Leitsatz (amtlich)

Läßt jemand ein von ihm erworbenes und parzelliertes Grundstück mit vier Einfamilienhäusern bebauen, um diese anschließend an mehrere Erwerber zu veräußern, so liegt eine gewerbliche Tätigkeit vor.

 

Normenkette

GewStG § 2 Abs. 1; GewStDV § 1 Abs. 1

 

Tatbestand

Der Revisionskläger (Steuerpflichtige), ein Architekt, kaufte im September 1964 ein unbebautes Grundstück mit einer Fläche von 2702 qm zum Preis von 200 000 DM. Er parzellierte das Grundstück, errichtete darauf vier Einfamilienhäuser und veräußerte die bebauten Grundstücke nach Abnahme durch die Baubehörde im Dezember 1965 an vier Erwerber zum Preis von 859 153 DM weiter. Hierbei erzielte er einen Reingewinn von 72 495 DM.

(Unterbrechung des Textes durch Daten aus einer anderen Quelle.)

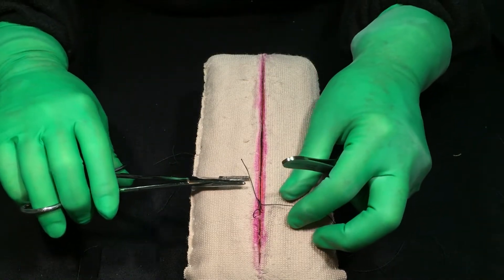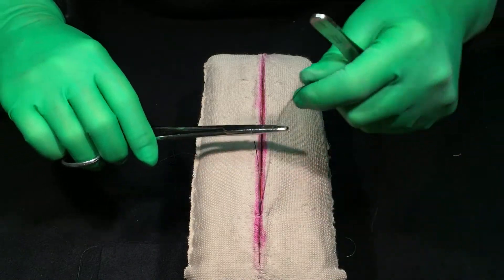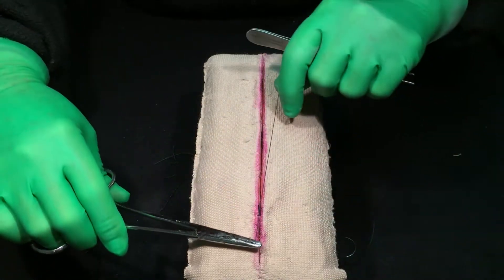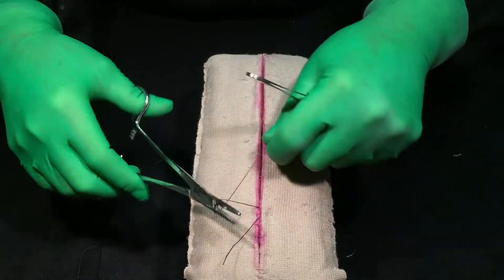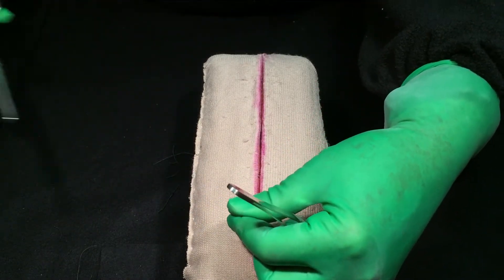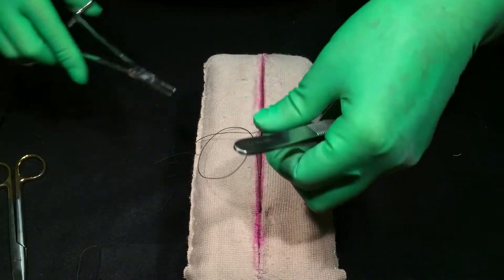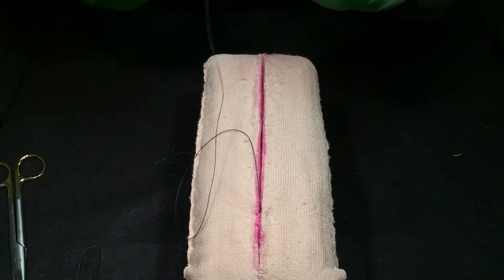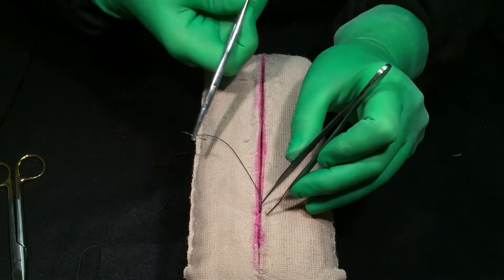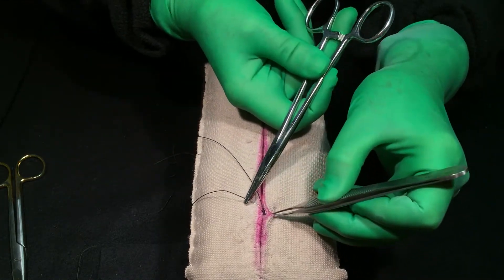On the running subcuticular, you're going to bury your knot as I showed you earlier to start it. When you tie, tie parallel with the incision to get it to come together nicely. I don't like how that knot is sticking up, so I'm going to go down deep and bury it.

Der Revisionsbeklagte (das FA) betrachtete den Erwerb des Grundstücks, seine Bebauung und die Veräußerung der bebauten Parzellen als gewerbliche Betätigung und zog den Steuerpflichtigen mit dem hieraus erzielten Gewinn für das Jahr 1965 zur Gewerbesteuer heran.

Einspruch und Klage hatten keinen Erfolg.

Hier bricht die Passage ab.